Without copying any picture, transcribe exactly the lines of the data below from the one containing "Swedish Shrimp Salad" through the one containing "MUEBLE LAVAPLATO 3".

RECORDS:
══════════
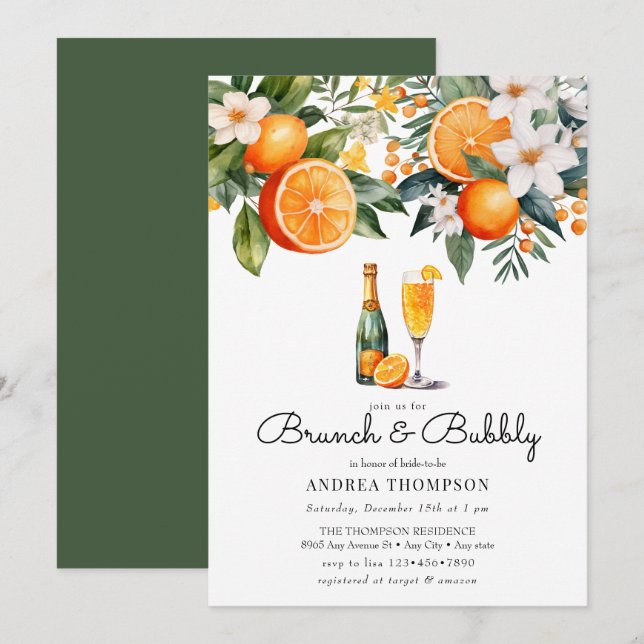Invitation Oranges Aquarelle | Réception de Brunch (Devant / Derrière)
══════════
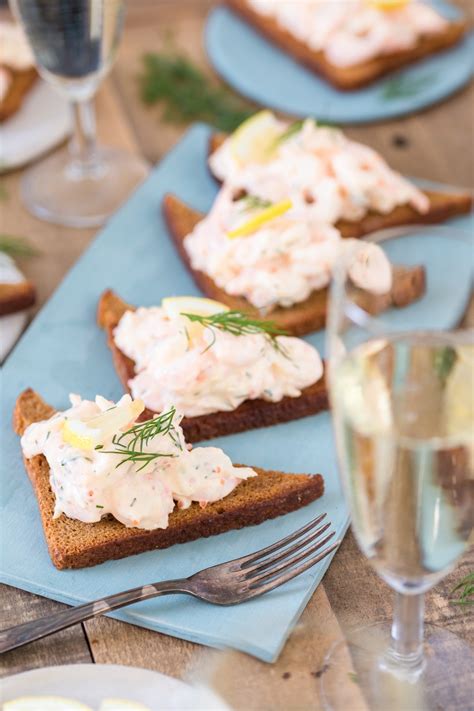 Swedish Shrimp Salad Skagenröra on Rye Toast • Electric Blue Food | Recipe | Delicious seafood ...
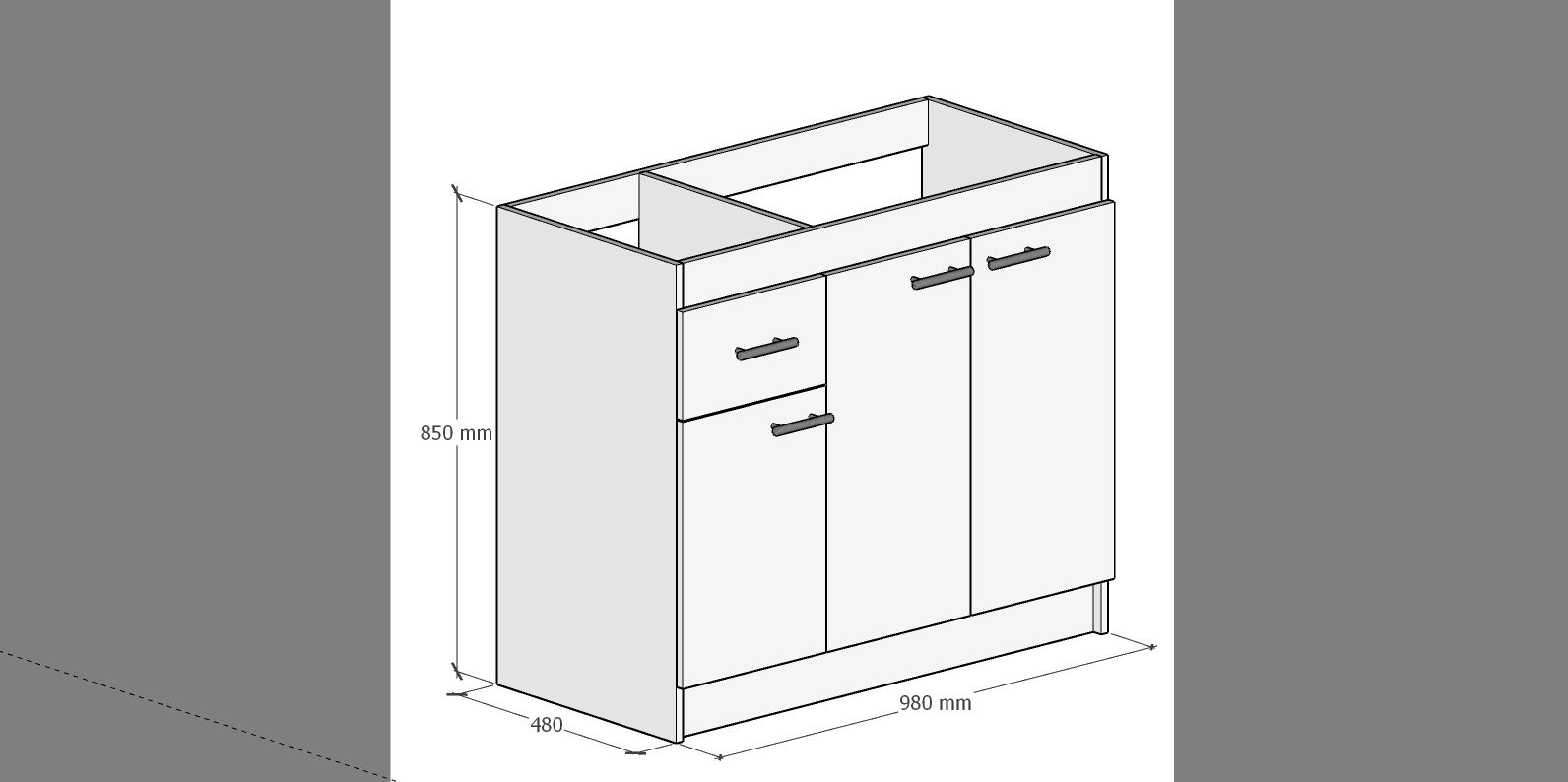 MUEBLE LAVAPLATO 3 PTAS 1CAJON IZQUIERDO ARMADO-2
══════════
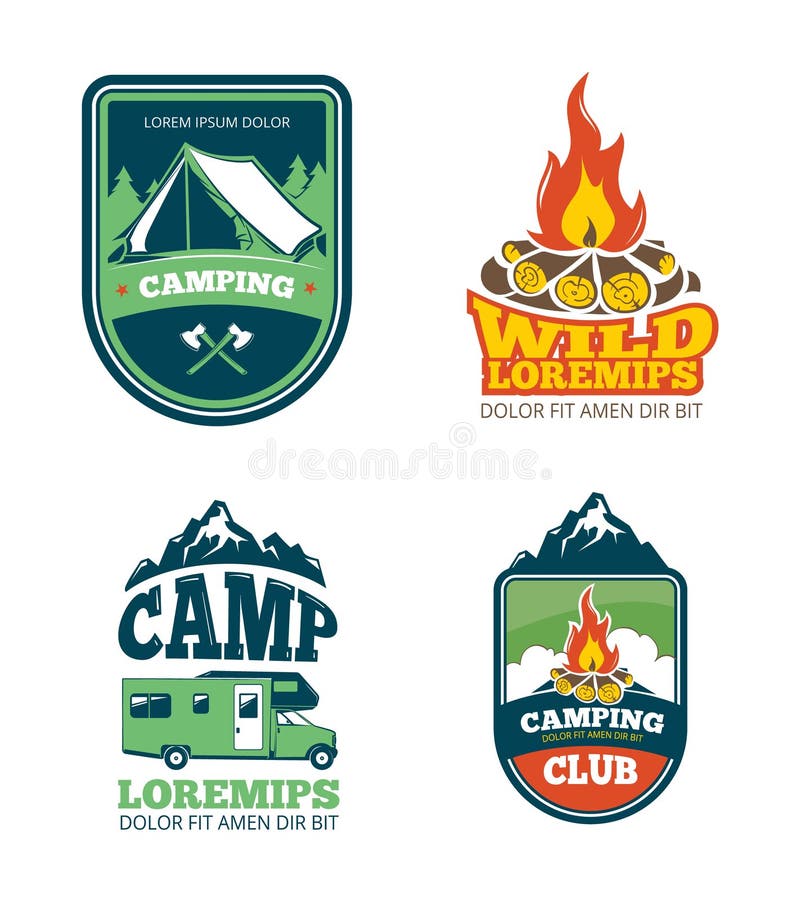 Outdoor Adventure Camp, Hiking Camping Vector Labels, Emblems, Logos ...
══════════
SOLUTION BELOW:
 Swedish Shrimp Salad Skagenröra on Rye Toast • Electric Blue Food | Recipe | Delicious seafood ...
 MUEBLE LAVAPLATO 3 PTAS 1CAJON IZQUIERDO ARMADO-2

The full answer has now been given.